The Good German est un film qui cultive les paradoxes. J'ai très peu vécu ça avec le cinéma, cette sensation d'être à la fois à fond dans le film et à la fois totalement en dehors. Je commence par le pire : le scénario. Au bout de dix minutes je me désintéressais déjà de l'histoire, je sais à peine de quoi il fut question, et si on me demande de quoi ça parle je pourrais très bien dire que c'est l'histoire d'un mec qui gagne une partie de poker et qui embarque sur le Titanic. Signe d'un désintérêt évident de ma part. L'histoire est trop classique et surtout, les événements s'enchaînent mécaniquement, comme s'il s'agissait d'un film dont l'histoire serait produite " à la chaîne " : c'est fait sans y mettre de la personnalité ni aucune âme, froidement. Et cette froideur semble contaminer les personnages, qui dépassent rarement les stéréotypes qu'ils représentent. Du coup, The Good German apparaît comme un objet très froid, un peu vain et désincarné.
Cette sensation de vide peut s'expliquer par les velléités référentielles de son metteur en scène, qui cite principalement deux films - trois en fait, mais ça casse mon effet - dont The Good German serait l'enfant : Casablanca et Allemagne Années Zéro, soit le mélange pas si anodin que ça de deux films sur lesquels ont travaillé Ingrid Bergman et Roberto Rossellini, unis à la ville pour ceux qui suivraient pas. L'autre film, c'est Le Troisième Homme, que Soderbergh cite à plusieurs reprises, notamment lors d'une scène d'égout dont la profondeur de champ rappelle la fin du Carol Reed. Le problème ici, réside dans la gratuité apparente du jeu sur les références. Soderbergh semble citer pour citer, et là où la référence et l'hommage devraient se subordiner au film, c'est l'inverse qui se produit.

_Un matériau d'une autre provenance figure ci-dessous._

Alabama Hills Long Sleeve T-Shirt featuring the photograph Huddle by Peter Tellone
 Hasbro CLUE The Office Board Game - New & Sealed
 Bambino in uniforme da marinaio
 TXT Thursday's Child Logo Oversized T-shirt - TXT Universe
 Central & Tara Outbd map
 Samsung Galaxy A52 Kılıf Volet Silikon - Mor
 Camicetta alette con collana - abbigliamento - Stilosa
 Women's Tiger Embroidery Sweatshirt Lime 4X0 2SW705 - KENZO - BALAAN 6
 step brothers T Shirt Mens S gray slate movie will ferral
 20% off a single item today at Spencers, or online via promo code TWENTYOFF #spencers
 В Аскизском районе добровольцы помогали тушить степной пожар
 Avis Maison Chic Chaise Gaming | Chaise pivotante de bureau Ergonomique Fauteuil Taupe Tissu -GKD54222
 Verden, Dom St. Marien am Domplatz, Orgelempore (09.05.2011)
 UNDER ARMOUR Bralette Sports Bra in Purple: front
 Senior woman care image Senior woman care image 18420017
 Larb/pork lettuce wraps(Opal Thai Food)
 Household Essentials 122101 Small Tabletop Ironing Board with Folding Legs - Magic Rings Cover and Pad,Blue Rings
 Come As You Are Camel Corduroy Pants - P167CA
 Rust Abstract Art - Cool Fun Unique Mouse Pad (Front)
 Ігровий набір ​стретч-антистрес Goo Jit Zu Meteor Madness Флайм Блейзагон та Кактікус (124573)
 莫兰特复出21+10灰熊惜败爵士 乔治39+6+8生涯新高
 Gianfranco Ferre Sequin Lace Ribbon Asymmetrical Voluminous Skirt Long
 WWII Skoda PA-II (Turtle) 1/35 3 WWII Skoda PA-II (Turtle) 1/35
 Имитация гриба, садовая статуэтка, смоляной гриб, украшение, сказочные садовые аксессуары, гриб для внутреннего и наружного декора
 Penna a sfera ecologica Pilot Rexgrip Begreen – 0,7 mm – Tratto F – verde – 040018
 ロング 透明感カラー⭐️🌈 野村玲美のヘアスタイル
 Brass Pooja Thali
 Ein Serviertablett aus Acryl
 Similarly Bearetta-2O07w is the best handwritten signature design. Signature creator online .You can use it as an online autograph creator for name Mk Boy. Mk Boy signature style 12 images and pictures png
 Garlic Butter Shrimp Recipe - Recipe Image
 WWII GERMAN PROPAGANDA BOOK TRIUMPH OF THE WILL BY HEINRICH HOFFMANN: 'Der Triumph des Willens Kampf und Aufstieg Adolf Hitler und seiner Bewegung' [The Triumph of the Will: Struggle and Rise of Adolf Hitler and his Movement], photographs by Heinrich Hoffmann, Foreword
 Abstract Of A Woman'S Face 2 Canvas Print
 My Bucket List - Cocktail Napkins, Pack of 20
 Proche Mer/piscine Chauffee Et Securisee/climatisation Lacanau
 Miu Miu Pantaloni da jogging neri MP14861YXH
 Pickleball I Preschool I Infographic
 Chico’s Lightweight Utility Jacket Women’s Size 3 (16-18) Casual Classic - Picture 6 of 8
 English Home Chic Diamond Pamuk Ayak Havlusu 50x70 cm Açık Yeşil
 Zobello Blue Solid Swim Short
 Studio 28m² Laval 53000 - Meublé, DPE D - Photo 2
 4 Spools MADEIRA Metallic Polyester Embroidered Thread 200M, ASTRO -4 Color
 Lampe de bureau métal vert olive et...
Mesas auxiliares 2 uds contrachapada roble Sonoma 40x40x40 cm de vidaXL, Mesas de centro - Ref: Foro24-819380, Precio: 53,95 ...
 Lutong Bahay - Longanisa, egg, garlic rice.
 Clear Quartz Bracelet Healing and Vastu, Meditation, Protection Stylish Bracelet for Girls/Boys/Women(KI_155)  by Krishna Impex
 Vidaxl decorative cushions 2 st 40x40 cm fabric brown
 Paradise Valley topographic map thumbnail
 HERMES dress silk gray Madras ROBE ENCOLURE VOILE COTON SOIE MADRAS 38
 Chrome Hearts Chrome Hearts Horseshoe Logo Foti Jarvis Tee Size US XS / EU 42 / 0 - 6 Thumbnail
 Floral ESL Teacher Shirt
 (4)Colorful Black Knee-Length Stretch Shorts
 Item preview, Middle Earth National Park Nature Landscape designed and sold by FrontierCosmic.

Du coup, The Good German avait toutes les chances d'être un film raté. Mais étrangement, il n'en est rien. Pourquoi ? Sûrement parce que l'erreur consisterait à voir ce film au premier degré. Il faut un peu plus de recul pour apprécier The Good German à sa juste valeur, et voir que Soderbergh copie certes les méthodes de mise en scène des années 40, mais que cela ne sert qu'à produire un discours de cinéphile qui connaît ses classiques sur le bout des doigts et qui crée un hybride à l'allure imparfaite mais néanmoins intéressante. C'est donc plutôt dans cette manière toute soderberghienne de chercher l'expérimentation qu'il faut creuser pour trouver de l'intérêt à une oeuvre qui ne cesse de dérouter le spectateur et de le questionner sur ce à quoi il assiste. Avoir le culot de trouver le film mauvais - ce qu'il est parfaitement en apparences - est bel et bien un affront envers le génie manipulateur de son cinéaste, qui pompe tout un pan du cinéma pour en faire ressortir de la nostalgie, et qui met en scène une oeuvre nécessaire puisqu'elle éclaire une époque révolue en adoptant un point de vue moderne qui montre justement le caractère inexorablement répétitif de l'Histoire et celui plus malléable de l'Histoire de l'Art, d'un point de vue formel plus particulièrement. Encore une fois donc, c'est l'art qui l'emporte sur la vie.
Ennuyeux et fascinant à la fois, un film qui tient du génie.